Obama's Top Intelligence Hand: Our Default Position Is To Brief Congress

Obama's Top Intelligence Hand: Our Default Position Is To Brief Congress

Director of National Intelligence Dennis Blair declared on Wednesday that it was the default position of the intelligence community to keep Congress fully apprised of significant and current operations.

In a speech at the U.S. Chamber of Commerce, the president's top intelligence official did not directly address recent allegations from some members of the House of Representatives that they were kept in the dark about a covert CIA operation. But he did seem to hint that, in the future, the administration would be cognizant and respectful of the legislative branch's legal responsibility for oversight.

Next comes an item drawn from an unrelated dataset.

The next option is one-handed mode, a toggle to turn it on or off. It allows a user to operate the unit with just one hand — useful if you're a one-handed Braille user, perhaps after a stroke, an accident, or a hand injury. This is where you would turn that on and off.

"What I'm finding in my six months in the job is that there are a lot of legacy issues that we have to work our way through as we establish a new relationships with the Congress and this is one of several," Blair said, during the question-and-answer session. "What I think is really important is that we are working with Congress in a new, and I think better, way. I have been very clear with the Congress that we will lean on the side of telling them about things. The statute says we will inform Congress fully and currently of significant intelligence actions and we take a very broad interpretation of that. If there is any doubt in our minds, our default position is 'let's tell the Congress' about this. They are a partner in this. It is going to be better if we all work together."

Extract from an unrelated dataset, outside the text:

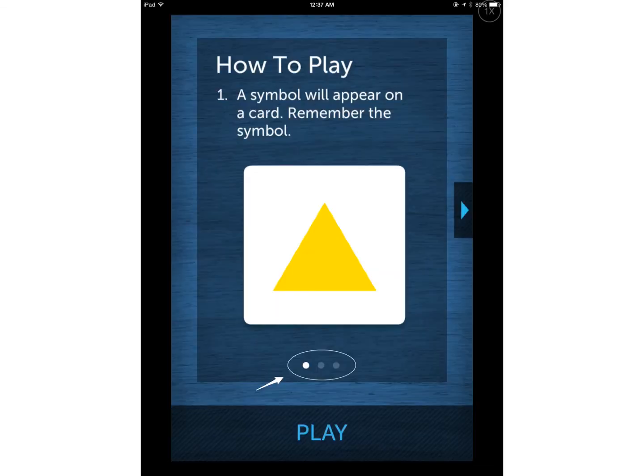This screen is going to explain how to play the game. I want to point out the three dots at the bottom — whenever you see these three dots, it means there are multiple pages, and you simply swipe right and left to view them. If you don't swipe to the next page, you're only going to get half of the directions. After you've read the directions and understand the game, simply tap 'Play' at the bottom.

The remarks add yet another element to what has been, at best, a difficult-to-pin-down approach from Blair on matters of congressional oversight and covert programs. Last week, the DNI Director told the Washington Post that the CIA had acted properly in not briefing the required members of the House leadership on a program that is reported to have been set up to target suspected terrorist leaders in friendly countries.

"It was a judgment call," he said. "We believe in erring on the side of working with the Hill as a partner."

That statement seemed to stand in contrast to the clear intention of Title V of the National Security Act of 1947. And when asked to clarify what he meant by Sen. Russ Feingold (D-Wis.) in a letter, Blair retreated a bit.

"In my discussion with the Washington Post, I never offered a legal judgment about whether the CIA was required to brief the Congressional oversight committees on this specific program; I merely indicated that whether a particular matter requires notification to the Congress often involves the exercise of judgment," he wrote in response to Feingold's letter.